(Beginning of SOURCE MATERIAL)

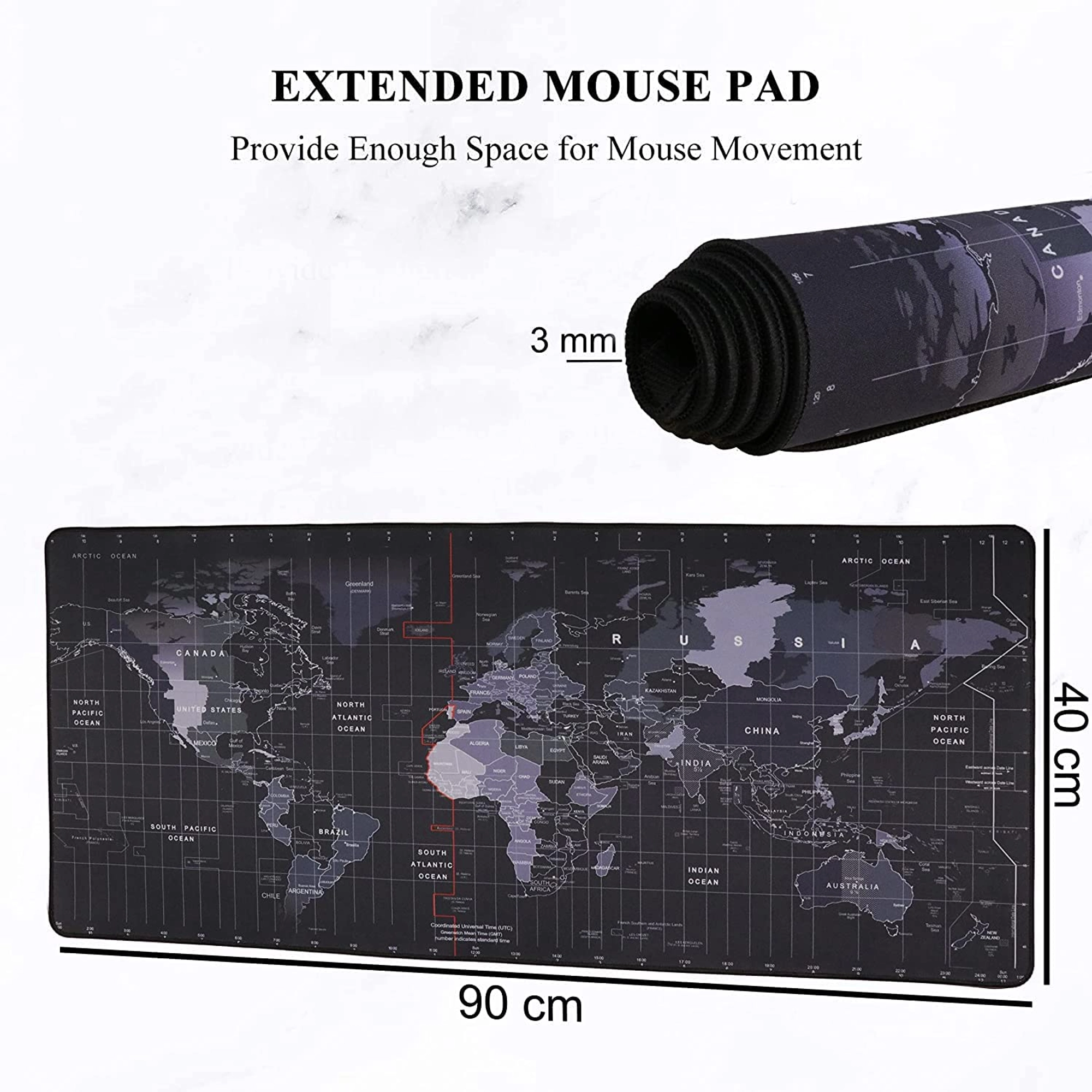 MOUSE PAD WORLD MAP - Image 2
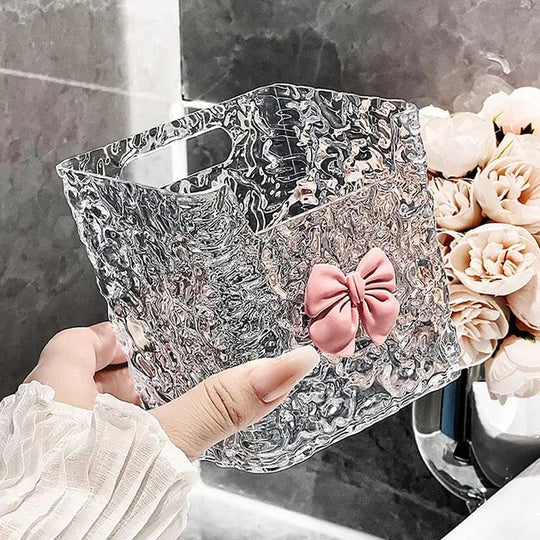 Bow Vanity Storage Box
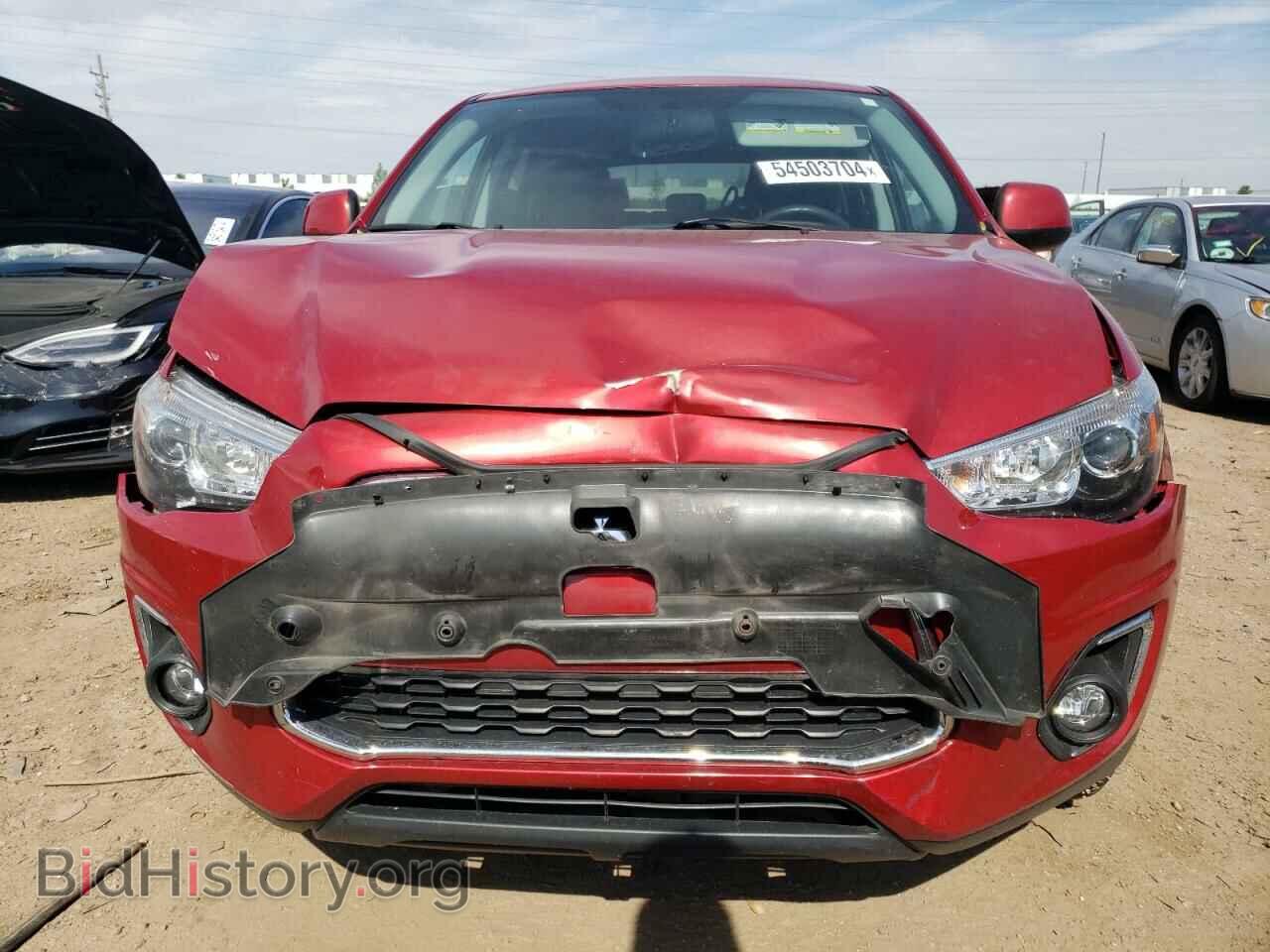 2014 MITSUBISHI OUTLANDER - VIN: 4A4AR3AU9EE018285 - Фото 5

(End of SOURCE MATERIAL)

Pictures are to be omitted; otherwise, write out the data exactly as it appears.

 MOUSE PAD WORLD MAP - Image 2
 Bow Vanity Storage Box
 2014 MITSUBISHI OUTLANDER - VIN: 4A4AR3AU9EE018285 - Фото 5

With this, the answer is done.